After completing her PhD at Loughborough University, Clarke worked with Dr Carole Burgoyne and Professor Janet Reibstein, as a Research Fellow at the University of Exeter. The project - funded by the Lord Chancellor's Department - focused on money management in first time heterosexual marriage.

She joined the University of the West of England as a lecturer in Social Psychology in 2003. Currently Clarke is an Associate Professor in Qualitative and Critical Psychology at the University of the West England, Bristol. Her research and teaching is centered around qualitative methods, queer psychology, human sexuality and gender studies.

== Selected works ==

=== Books===
Source:
- Virginia Braun and Victoria Clarke. (2021). Thematic Analysis: A Practical Guide. Sage.
- Collecting qualitative data: A practical guide to textual, media and virtual techniques (2017, Cambridge University Press) - co-edited with Virginia Braun and Debra Gray.
- Successful qualitative research: A practical guide for beginners (2013, Sage) - with Virginia Braun.
- Lesbian, gay, bisexual, trans and queer psychology: An introduction (2010, Cambridge University Press) - with Sonja Ellis, Elizabeth Peel and Damien Riggs.
- Out in Psychology: Lesbian, gay, bisexual, trans and queer perspectives (2007, Wiley) - co-edited with Elizabeth Peel.
- British lesbian, gay, and bisexual psychologies: Theory, research and practice (2007, Routledge) - co-edited with Elizabeth Peel and Jack Drescher.

=== Selected journal entries and book chapters ===

- Using thematic analysis in psychology
- Reflecting on reflexive thematic analysis
- Feminist qualitative methods and methodologies in psychology: A review and reflection
- Using thematic analysis in counselling and psychotherapy research: A critical reflection
- Thematic analysis
- Innovations in qualitative methods
- Reflecting on qualitative research, feminist methodologies and feminist psychology: In conversation with Virginia Braun and Victoria Clarke
- (Mis)conceptualising themes, thematic analysis, and other problems with Fugard and Potts' (2015) sample-size tool for thematic analysis

== Research and scholarship ==

=== Qualitative research and thematic analysis ===
Clarke's main area of focus is qualitative research and particularly the reflexive approach to thematic analysis she has developed with Professor Virginia Braun at The University of Auckland. The 2006 paper in which they originally outlined their approach has over 59,000 Google Scholar citations and according to Google Scholar is the most cited academic paper published in 2006. An open access version is available from the University of the West of England Research Repository. Braun and Clarke have a thematic analysis website at The University of Auckland. This includes an extensive reading list, FAQs and links to their lectures on thematic analysis on YouTube. They have written numerous chapters, editorials, commentaries and encyclopedia entries on thematic analysis.

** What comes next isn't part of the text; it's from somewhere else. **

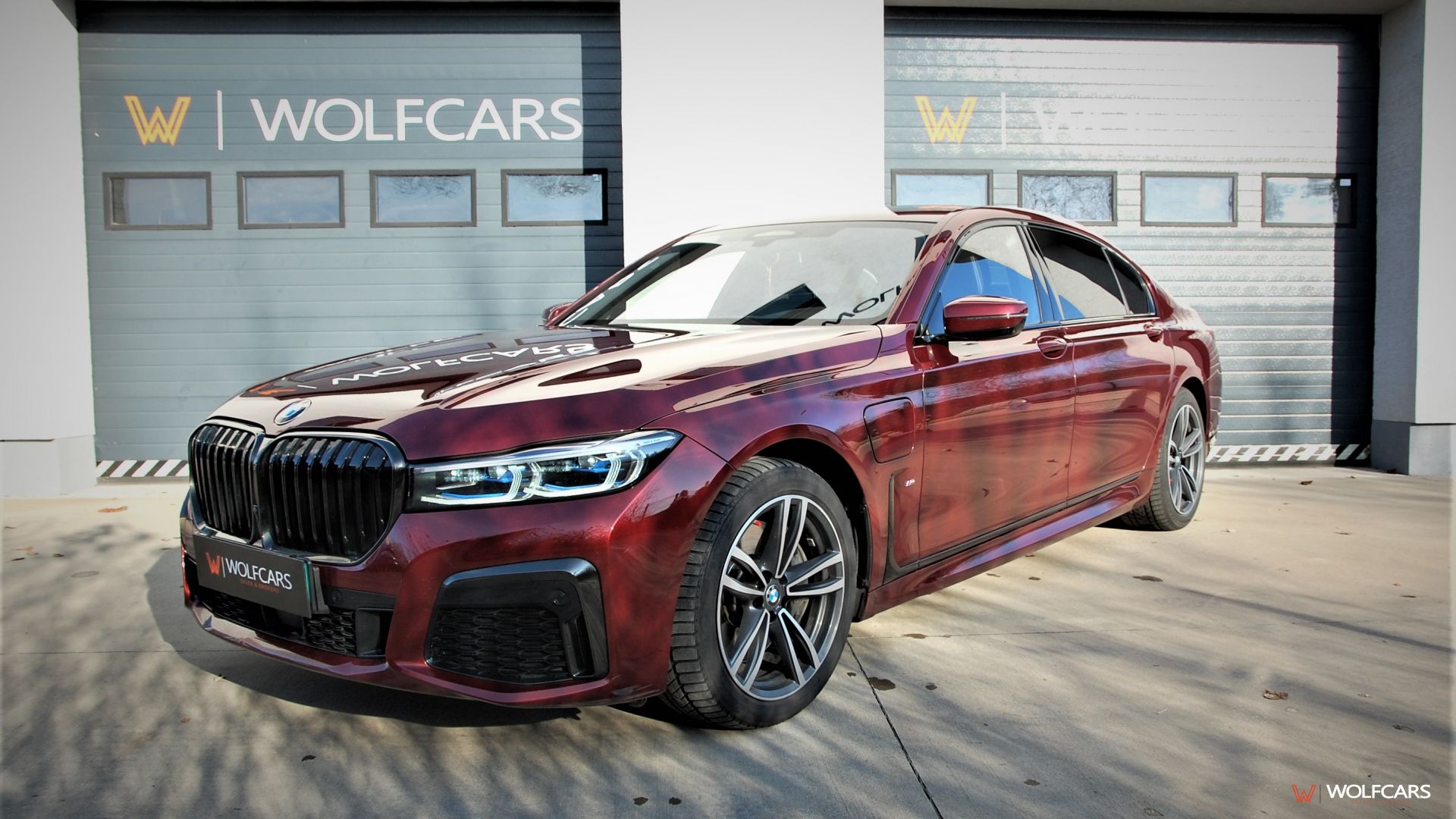 BMW 745Le xDrive INDIVIDUAL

=== Areas of expertise ===

- Qualitative methods
- Thematic analysis
- Story completion
- Qualitative surveys
- Lesbian, gay, bisexual, trans and queer+ (LGBTQ) psychology
- Feminist psychology
- Human sexuality
- Same-sex parenting
- LGBT issues in higher education
- Voluntary childlessness
- Embryo donation for family building

== Awards and achievements ==

- American Psychological Association Division 44 Award for the Best Book in Lesbian, Gay, and/or Bisexual Psychology for 2007 (August 2007).
- British Psychological Society Book Award (Textbook) 2013 (September 2013).
- Association of Women in Psychology Distinguished Publication Award 2014 (August 2014).